Restate, in full and unchanged, the entries that follow, but not their pictures.

**Provided records**
#####

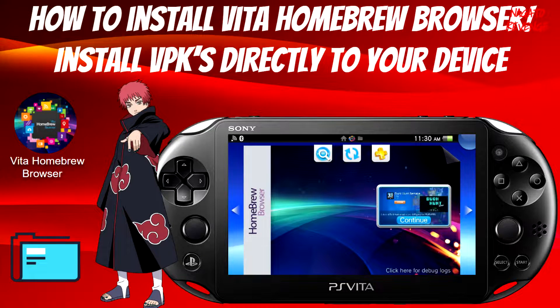Hello everyone, it's me Nagato's Revenge here. I hope you guys are having an awesome day. In today's video slash showcase, I'm going to be teaching you guys how to install Vita Homebrew Browser and also how to install VPKs directly to your device.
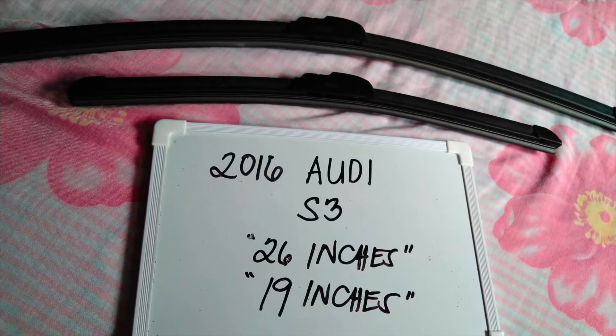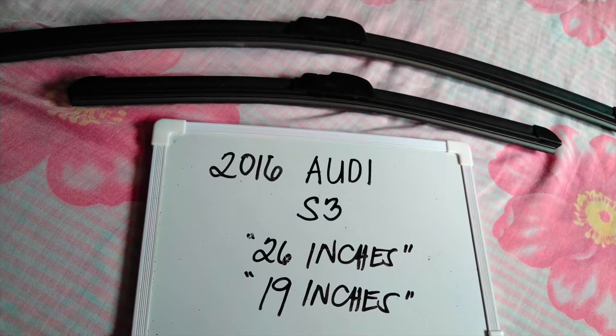The wiper blade replacement size for the 2016 Audi S3 is the one that you see right here. It is 26 inches for the driver's side and 19 inches for the passenger side.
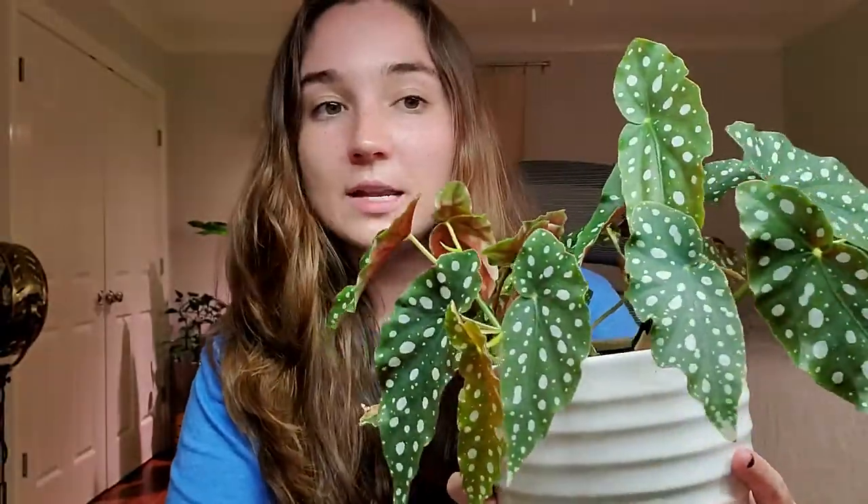This is actually a cutting with some pretty nice roots so far. And then this one's really popular, very Instagrammable — I think these are as well, but they just haven't gotten enough attention to be as popular. But this one is the begonia maculata, I think. So here is the polka dot plant — it's really nice.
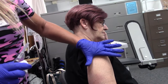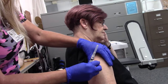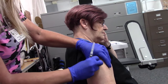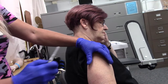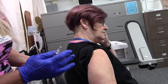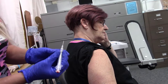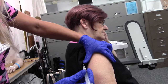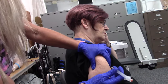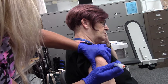Right here is the deltoid, so I'm going to go ahead and clean that space. We're going to grab and hold that muscle, letting it dry. Bevel is up — we're going to grab that muscle. I always end up resting on the body for stability, then straight in.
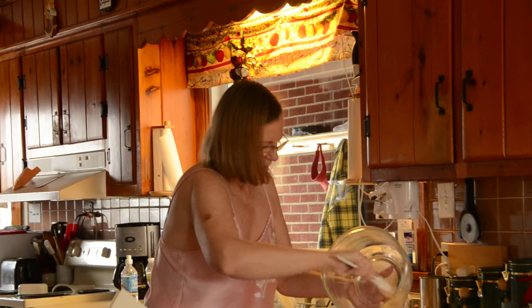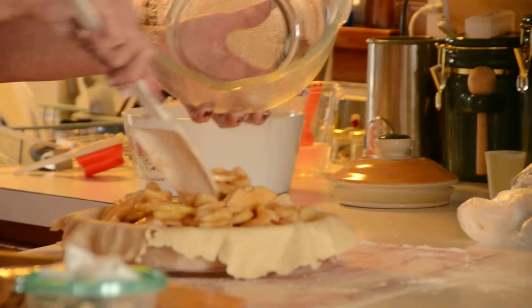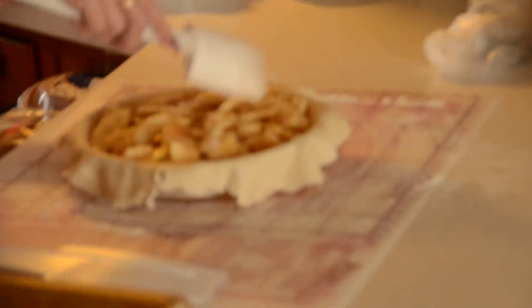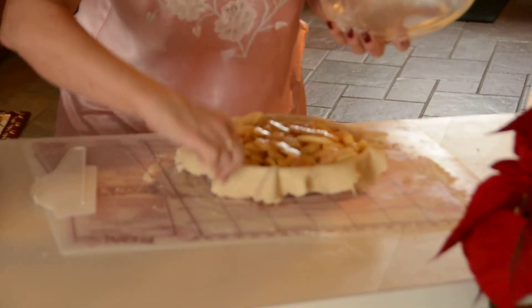So what goes into your pie crust? Let's see. Two cups of flour, two tablespoons of sugar, salt, two thirds cups of Crisco, eight tablespoons of water with lemon juice. That's how it goes into my pie crust.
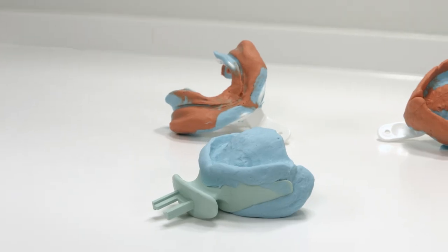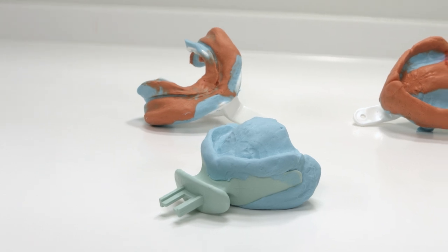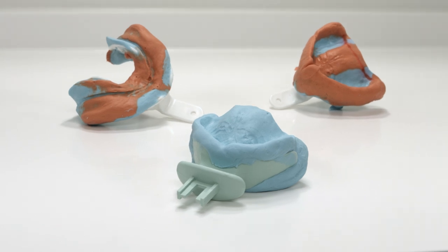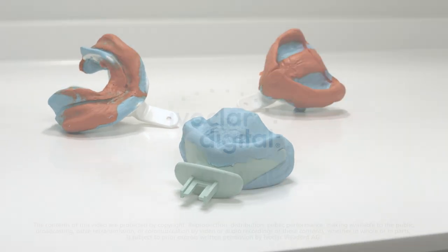The two initial impressions, the preliminary bite record, and the values defined for the occlusal plane are sent to the dental laboratory for the design of the 3D bite plates.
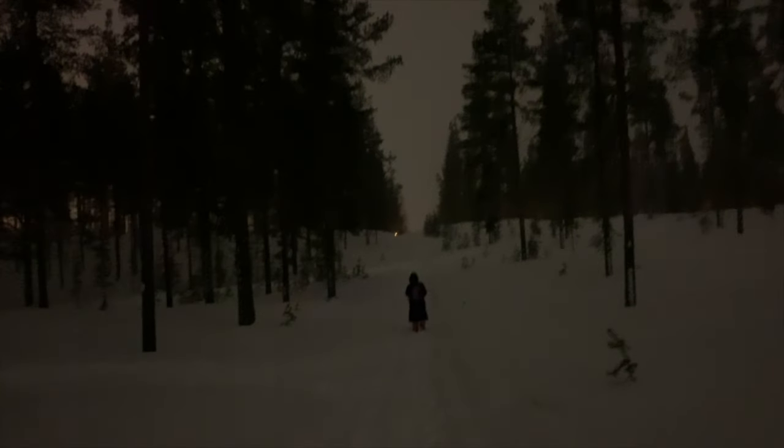At night after races, awards, and dinner, I walk a mile through the woods back to my cabin. Tonight it's snowing so the sky is a bit lighter, but it's pretty dark — and also stunning to walk through here under moonlight. It feels like a real Finnish adventure.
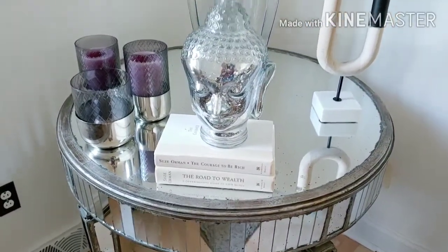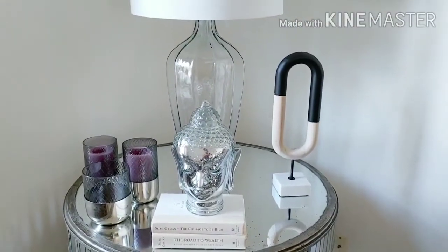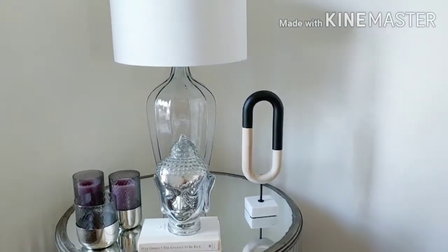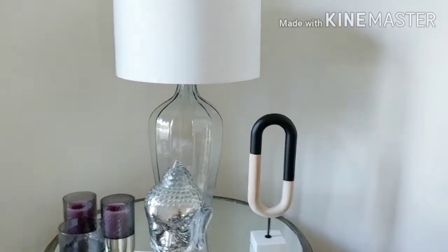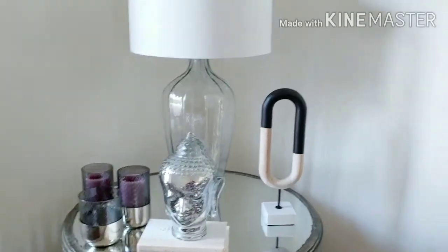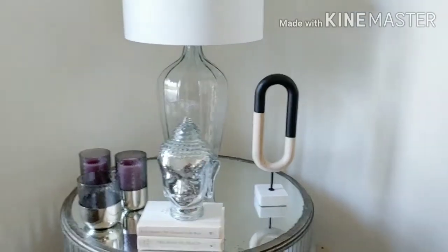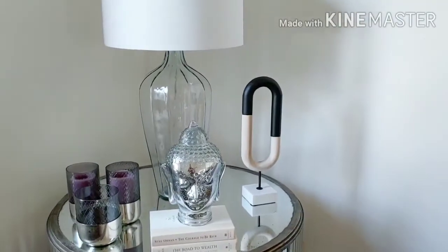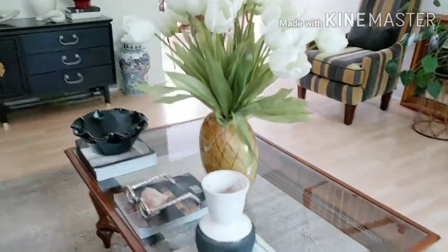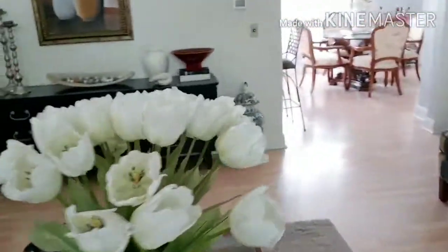As I mentioned, you'll see books throughout my house used as risers or decorative pieces. I tend toward cream or black books. Most pieces you'll see throughout my home appear in different areas — I'm really big on recycling my pieces and using what you have. I'm going to spin the camera around and then we'll move on to the credenza.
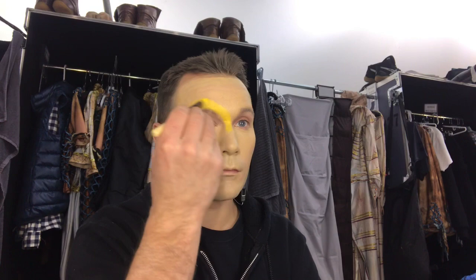So first we put a base cream. Next we need to put a yellow cream and blend it.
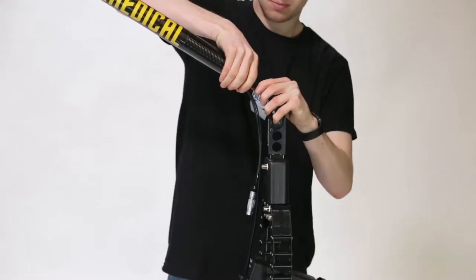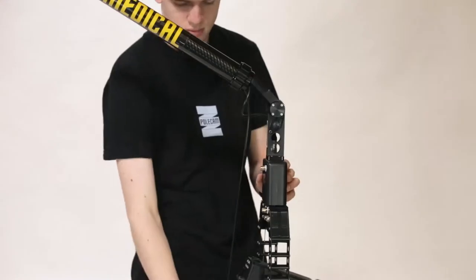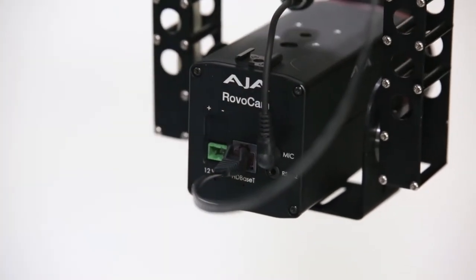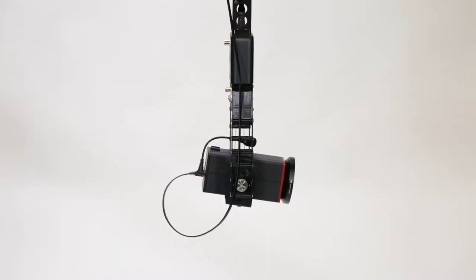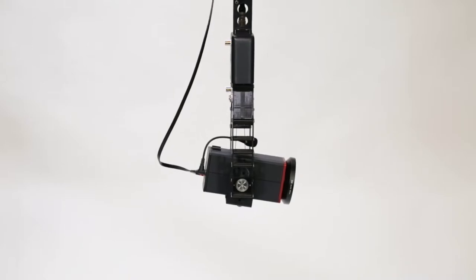Connect the head control cable to the head, lining up the red dot on the cable with the red dot on the port, and connect the Cat5 cable to the rear of the camera. Now go to the rear of the system and pull back any excess slack in the ethernet cable, ensuring that you have enough slack to perform any desired movement.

#####

**Answer to this problem**
Hello everyone, it's me Nagato's Revenge here. I hope you guys are having an awesome day. In today's video slash showcase, I'm going to be teaching you guys how to install Vita Homebrew Browser and also how to install VPKs directly to your device.
The wiper blade replacement size for the 2016 Audi S3 is the one that you see right here. It is 26 inches for the driver's side and 19 inches for the passenger side.
This is actually a cutting with some pretty nice roots so far. And then this one's really popular, very Instagrammable — I think these are as well, but they just haven't gotten enough attention to be as popular. But this one is the begonia maculata, I think. So here is the polka dot plant — it's really nice.
Right here is the deltoid, so I'm going to go ahead and clean that space. We're going to grab and hold that muscle, letting it dry. Bevel is up — we're going to grab that muscle. I always end up resting on the body for stability, then straight in.
So what goes into your pie crust? Let's see. Two cups of flour, two tablespoons of sugar, salt, two thirds cups of Crisco, eight tablespoons of water with lemon juice. That's how it goes into my pie crust.
The two initial impressions, the preliminary bite record, and the values defined for the occlusal plane are sent to the dental laboratory for the design of the 3D bite plates.
At night after races, awards, and dinner, I walk a mile through the woods back to my cabin. Tonight it's snowing so the sky is a bit lighter, but it's pretty dark — and also stunning to walk through here under moonlight. It feels like a real Finnish adventure.
As I mentioned, you'll see books throughout my house used as risers or decorative pieces. I tend toward cream or black books. Most pieces you'll see throughout my home appear in different areas — I'm really big on recycling my pieces and using what you have. I'm going to spin the camera around and then we'll move on to the credenza.
So first we put a base cream. Next we need to put a yellow cream and blend it.
Connect the head control cable to the head, lining up the red dot on the cable with the red dot on the port, and connect the Cat5 cable to the rear of the camera. Now go to the rear of the system and pull back any excess slack in the ethernet cable, ensuring that you have enough slack to perform any desired movement.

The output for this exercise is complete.